You change column types because a column's data type can no longer hold the amount of information, for example, when an ID column exceeds the size of an INT data type and has to change to a BIGINT data type.

Changing a column's data type has these limitations:

  • Only certain data types can be converted to other data types. See the table in this section for data types that can change.

  • For data in Parquet and ORC, you cannot change a column's data type if the table is not partitioned.

    For partitioned tables in Parquet and ORC, a partition's column type can be different from another partition's column type, and Athena will CAST to the desired type, if possible. For information, see Avoiding Schema Mismatch Errors for Tables with Partitions.

Important

We strongly suggest that you test and verify your queries before performing data type translations. If Athena cannot convert the data type from the original data type to the target data type, the CREATE TABLE query may fail.

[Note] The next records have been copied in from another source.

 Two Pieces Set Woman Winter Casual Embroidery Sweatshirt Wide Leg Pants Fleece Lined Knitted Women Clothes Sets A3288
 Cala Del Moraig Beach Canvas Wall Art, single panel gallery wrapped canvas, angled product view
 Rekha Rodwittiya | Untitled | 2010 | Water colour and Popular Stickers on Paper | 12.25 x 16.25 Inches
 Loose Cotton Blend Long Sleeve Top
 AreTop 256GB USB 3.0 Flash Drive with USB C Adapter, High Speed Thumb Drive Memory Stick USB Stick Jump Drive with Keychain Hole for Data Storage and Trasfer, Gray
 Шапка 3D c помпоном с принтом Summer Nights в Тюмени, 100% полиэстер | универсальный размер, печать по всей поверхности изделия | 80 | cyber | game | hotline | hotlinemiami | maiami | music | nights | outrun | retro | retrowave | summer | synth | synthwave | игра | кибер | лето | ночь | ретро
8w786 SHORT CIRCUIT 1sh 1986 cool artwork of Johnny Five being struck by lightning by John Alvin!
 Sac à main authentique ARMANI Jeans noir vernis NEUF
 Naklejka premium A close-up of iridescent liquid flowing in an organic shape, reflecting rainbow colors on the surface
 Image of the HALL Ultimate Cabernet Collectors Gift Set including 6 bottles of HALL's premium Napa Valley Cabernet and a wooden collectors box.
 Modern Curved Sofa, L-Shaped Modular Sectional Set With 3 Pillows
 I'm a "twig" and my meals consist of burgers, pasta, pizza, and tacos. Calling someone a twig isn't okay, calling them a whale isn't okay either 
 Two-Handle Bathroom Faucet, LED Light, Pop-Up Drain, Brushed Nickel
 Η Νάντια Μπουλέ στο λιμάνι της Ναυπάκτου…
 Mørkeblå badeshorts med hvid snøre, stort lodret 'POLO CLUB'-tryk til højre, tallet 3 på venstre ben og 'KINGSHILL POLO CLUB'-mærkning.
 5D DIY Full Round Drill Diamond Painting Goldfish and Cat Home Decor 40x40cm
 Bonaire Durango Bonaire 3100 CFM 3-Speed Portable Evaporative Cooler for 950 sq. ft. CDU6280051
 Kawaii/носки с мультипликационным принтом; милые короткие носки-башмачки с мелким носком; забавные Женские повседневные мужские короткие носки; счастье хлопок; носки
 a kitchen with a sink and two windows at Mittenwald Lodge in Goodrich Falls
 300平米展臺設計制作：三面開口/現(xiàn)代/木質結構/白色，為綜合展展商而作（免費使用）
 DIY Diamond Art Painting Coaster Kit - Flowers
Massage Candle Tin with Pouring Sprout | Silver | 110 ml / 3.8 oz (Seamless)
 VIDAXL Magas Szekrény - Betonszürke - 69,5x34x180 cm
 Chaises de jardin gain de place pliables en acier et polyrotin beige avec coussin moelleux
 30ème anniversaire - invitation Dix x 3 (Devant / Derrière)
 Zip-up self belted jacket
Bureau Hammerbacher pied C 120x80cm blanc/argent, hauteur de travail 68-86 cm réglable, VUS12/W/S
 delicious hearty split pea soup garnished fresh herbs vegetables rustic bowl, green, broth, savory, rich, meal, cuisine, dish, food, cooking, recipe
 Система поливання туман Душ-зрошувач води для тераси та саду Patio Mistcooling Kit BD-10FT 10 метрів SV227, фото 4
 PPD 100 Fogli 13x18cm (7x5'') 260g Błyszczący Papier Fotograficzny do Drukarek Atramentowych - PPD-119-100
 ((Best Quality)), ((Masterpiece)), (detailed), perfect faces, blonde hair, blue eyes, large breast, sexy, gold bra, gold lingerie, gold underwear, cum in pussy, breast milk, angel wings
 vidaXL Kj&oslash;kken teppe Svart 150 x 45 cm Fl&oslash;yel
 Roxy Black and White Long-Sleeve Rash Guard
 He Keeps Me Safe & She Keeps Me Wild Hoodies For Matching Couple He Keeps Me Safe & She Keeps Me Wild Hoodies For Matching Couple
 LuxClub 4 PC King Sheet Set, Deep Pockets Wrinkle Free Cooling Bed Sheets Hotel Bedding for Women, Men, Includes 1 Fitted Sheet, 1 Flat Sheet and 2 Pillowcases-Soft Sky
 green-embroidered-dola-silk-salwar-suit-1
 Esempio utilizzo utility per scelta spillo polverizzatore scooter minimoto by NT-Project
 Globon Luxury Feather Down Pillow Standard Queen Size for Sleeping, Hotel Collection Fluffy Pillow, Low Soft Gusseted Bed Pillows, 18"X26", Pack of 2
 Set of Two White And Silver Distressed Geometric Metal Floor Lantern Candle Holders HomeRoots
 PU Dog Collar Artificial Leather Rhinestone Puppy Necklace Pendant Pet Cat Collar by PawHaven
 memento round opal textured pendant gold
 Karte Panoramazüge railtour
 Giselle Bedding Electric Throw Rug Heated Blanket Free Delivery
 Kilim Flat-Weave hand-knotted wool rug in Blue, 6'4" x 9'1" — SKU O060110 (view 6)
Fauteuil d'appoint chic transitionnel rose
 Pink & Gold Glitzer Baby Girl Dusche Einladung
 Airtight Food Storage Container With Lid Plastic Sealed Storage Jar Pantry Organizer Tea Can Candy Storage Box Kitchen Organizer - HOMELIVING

The following table lists data types that you can change:

Compatible Data Types

Original Data Type Available Target Data Types
STRING BYTE, TINYINT, SMALLINT, INT, BIGINT
BYTE TINYINT, SMALLINT, INT, BIGINT
TINYINT SMALLINT, INT, BIGINT
SMALLINT INT, BIGINT
INT BIGINT
FLOAT DOUBLE

In the following example of the orders_json table, change the data type for the column `o_shippriority` to BIGINT:

CREATE EXTERNAL TABLE orders_json ( `o_orderkey` int, `o_custkey` int, `o_orderstatus` string, `o_totalprice` double, `o_orderdate` string, `o_orderpriority` string, `o_clerk` string, `o_shippriority` BIGINT ) ROW FORMAT SERDE 'org.openx.data.jsonserde.JsonSerDe' LOCATION 's3://schema_updates/orders_json';

The following query runs successfully, similar to the original SELECT query, before the data type change:

Select * from orders_json LIMIT 10;